The remainder of this article is organized as follows. In ‘State of the art’ section, related work on visual servoing and machine learning for robot control is discussed; details on our approach will be given in ‘System’ section, and the results of our tests, both in terms of precision and speed-up, will be detailed in ‘Experiments and results’ section. Final remarks and conclusions are reported in ‘Conclusions’ section.
State of the art
In the context of IBVS, the literature shows different attempts to avoid image processing and feature tracking for increasing the processing speed. Direct visual servoing approaches addressed this issue by considering the image as a whole: the task is defined as a minimization problem between the current and the desired image. 2 An interesting alternative is represented by the introduction of new visual features based on luminance. 3 The approach called photometric visual servoing 4 is mainly based on the simple extraction of the image gradient, consequently removing any other necessity for image processing. The main drawbacks of photometric visual servoing are the strong non-linearities in the system dynamics: to address this problem, the use of photometric moments has been introduced. Moments capture the characteristics of an unknown distribution. They have been applied to image intensity in order to obtain a large convergence domain 5 and extended including spatial weights to contrast the disappearance of portions of the scene. 6 A second way to increase the convergence domain of the photometric visual servoing is to represent each intensity pixel as a Gaussian distribution extending its influence to the neighborhood. 7 The goal is to minimize the difference between the desired Gaussian mixture and the current one.
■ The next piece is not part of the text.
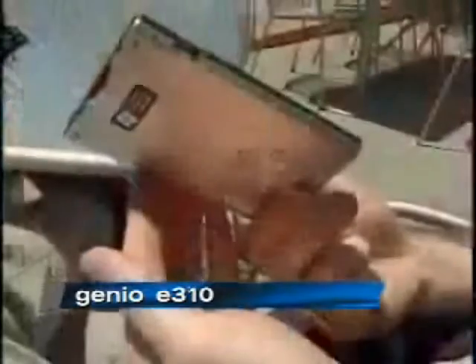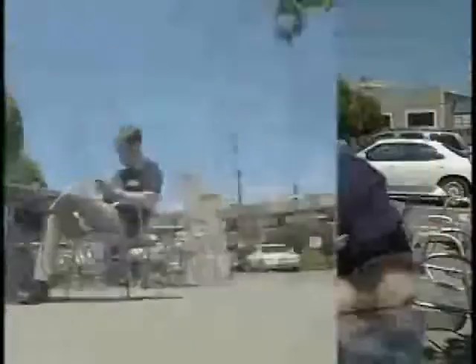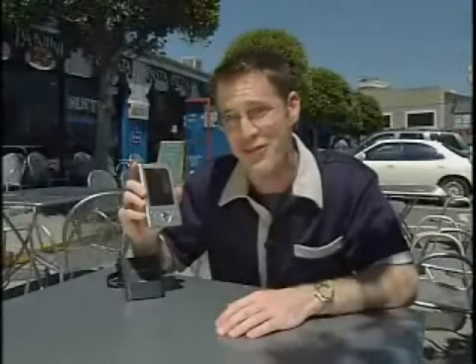Missing in the pocket PC equation: inexpensive hardware. So far, pocket PC devices have cost upwards of $500, which keeps many of them out of the hands of consumers. Toshiba is breaking ground with the introduction of their E310, a pocket PC-based PDA that's also got a friendly price tag — only $400 — plus a slick, slim design.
Photometric and photometric moments are geometrical interpretations of a more general class of methods called kernel-based visual servoing 8 in which spatial sampling functions called ‘kernels’ are used to find so-called abstract visual features.
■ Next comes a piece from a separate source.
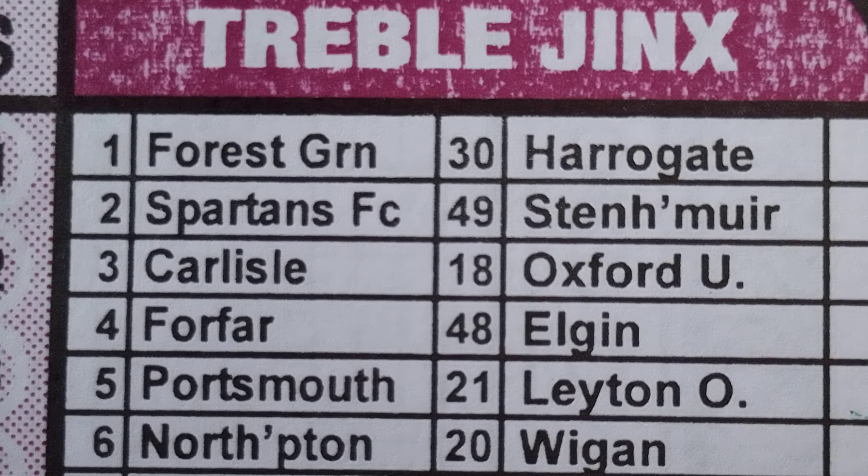For week 28 2024, on game three and game four: game three we have Carlisle versus Oxford United, which is number 18, and game four we have Forfar versus Elgin, which is number 48. So game three and four give us 18 and 48 for one draw. For me, 48 is not a bad option, but 18 could at the end of the day take the draw. This pair cannot easily be separated, so if you're the type that takes pairs you can stick with this pair.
Another recent technique exploits mutual information, 9 defined as the quantity of information shared by two signals (images in our case) to align two images to be robust to appearance variations. On the contrary, our approach does not properly belong to the class of direct visual servoing. Indeed, it relies on a machine learning algorithm to model the control law implemented by a ‘traditional’ feature-based approach. The idea is very similar to the one proposed by Hafez et al., 10 where the feature tracking step has been removed by modelling image features with a Gaussian mixture. We expanded this concept by removing both image processing and feature tracking from the loop, moving to a completely different direction with respect to other works aiming at the same objective.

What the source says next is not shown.